■ **GOAL OF THE EXERCISE**
Exact repetition is the task: copy every entry below.

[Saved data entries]
════════

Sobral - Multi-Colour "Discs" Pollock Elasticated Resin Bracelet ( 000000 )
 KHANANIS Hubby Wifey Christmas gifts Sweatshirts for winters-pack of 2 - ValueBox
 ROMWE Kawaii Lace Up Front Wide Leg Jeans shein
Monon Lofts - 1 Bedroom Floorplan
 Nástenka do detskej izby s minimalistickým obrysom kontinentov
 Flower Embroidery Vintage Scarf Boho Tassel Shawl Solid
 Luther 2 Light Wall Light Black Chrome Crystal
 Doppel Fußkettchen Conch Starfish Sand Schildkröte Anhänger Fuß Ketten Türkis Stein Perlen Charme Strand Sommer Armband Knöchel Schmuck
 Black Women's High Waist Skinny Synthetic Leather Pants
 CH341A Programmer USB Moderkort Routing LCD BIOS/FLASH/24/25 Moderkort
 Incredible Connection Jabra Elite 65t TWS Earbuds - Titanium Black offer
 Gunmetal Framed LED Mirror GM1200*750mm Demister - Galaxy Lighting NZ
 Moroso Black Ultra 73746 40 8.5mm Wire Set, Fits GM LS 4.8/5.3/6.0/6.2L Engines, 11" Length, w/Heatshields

════════

■ **EXERCISE SOLUTION**
Sobral - Multi-Colour "Discs" Pollock Elasticated Resin Bracelet ( 000000 )
 KHANANIS Hubby Wifey Christmas gifts Sweatshirts for winters-pack of 2 - ValueBox
 ROMWE Kawaii Lace Up Front Wide Leg Jeans shein
Monon Lofts - 1 Bedroom Floorplan
 Nástenka do detskej izby s minimalistickým obrysom kontinentov
 Flower Embroidery Vintage Scarf Boho Tassel Shawl Solid
 Luther 2 Light Wall Light Black Chrome Crystal
 Doppel Fußkettchen Conch Starfish Sand Schildkröte Anhänger Fuß Ketten Türkis Stein Perlen Charme Strand Sommer Armband Knöchel Schmuck
 Black Women's High Waist Skinny Synthetic Leather Pants
 CH341A Programmer USB Moderkort Routing LCD BIOS/FLASH/24/25 Moderkort
 Incredible Connection Jabra Elite 65t TWS Earbuds - Titanium Black offer
 Gunmetal Framed LED Mirror GM1200*750mm Demister - Galaxy Lighting NZ
 Moroso Black Ultra 73746 40 8.5mm Wire Set, Fits GM LS 4.8/5.3/6.0/6.2L Engines, 11" Length, w/Heatshields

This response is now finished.